▶ **Data section**
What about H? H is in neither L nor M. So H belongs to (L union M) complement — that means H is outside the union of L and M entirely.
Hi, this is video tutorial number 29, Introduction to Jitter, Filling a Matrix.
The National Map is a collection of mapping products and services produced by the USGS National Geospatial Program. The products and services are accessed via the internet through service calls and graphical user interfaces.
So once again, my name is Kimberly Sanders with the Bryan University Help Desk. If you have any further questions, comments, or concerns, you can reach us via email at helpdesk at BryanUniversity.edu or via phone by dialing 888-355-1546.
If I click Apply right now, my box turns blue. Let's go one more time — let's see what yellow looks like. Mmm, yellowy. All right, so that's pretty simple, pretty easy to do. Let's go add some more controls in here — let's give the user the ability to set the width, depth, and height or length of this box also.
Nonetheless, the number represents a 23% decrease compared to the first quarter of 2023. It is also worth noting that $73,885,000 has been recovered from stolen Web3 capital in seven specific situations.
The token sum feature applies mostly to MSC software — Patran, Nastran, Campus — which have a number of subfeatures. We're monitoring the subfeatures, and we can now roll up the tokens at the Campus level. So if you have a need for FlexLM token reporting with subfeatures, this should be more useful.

---

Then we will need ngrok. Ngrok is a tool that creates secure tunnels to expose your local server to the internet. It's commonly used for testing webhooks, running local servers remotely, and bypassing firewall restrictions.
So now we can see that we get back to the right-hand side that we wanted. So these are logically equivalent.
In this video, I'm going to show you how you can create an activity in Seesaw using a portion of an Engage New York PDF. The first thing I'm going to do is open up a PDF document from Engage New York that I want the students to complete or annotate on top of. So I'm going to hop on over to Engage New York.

==

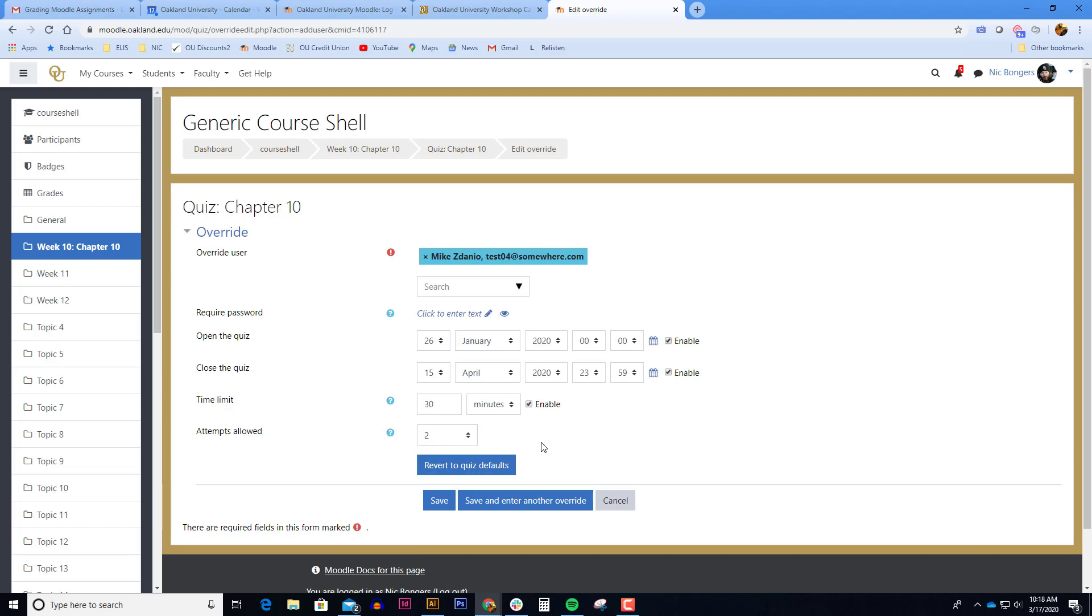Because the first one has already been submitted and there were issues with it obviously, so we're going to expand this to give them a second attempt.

▶ **Task to complete**
Reproduce word for word the material above, beginning with the line that contains "Hi, this is" and ending with the line that contains "The token sum".

▶ **Written solution**
Hi, this is video tutorial number 29, Introduction to Jitter, Filling a Matrix.
The National Map is a collection of mapping products and services produced by the USGS National Geospatial Program. The products and services are accessed via the internet through service calls and graphical user interfaces.
So once again, my name is Kimberly Sanders with the Bryan University Help Desk. If you have any further questions, comments, or concerns, you can reach us via email at helpdesk at BryanUniversity.edu or via phone by dialing 888-355-1546.
If I click Apply right now, my box turns blue. Let's go one more time — let's see what yellow looks like. Mmm, yellowy. All right, so that's pretty simple, pretty easy to do. Let's go add some more controls in here — let's give the user the ability to set the width, depth, and height or length of this box also.
Nonetheless, the number represents a 23% decrease compared to the first quarter of 2023. It is also worth noting that $73,885,000 has been recovered from stolen Web3 capital in seven specific situations.
The token sum feature applies mostly to MSC software — Patran, Nastran, Campus — which have a number of subfeatures. We're monitoring the subfeatures, and we can now roll up the tokens at the Campus level. So if you have a need for FlexLM token reporting with subfeatures, this should be more useful.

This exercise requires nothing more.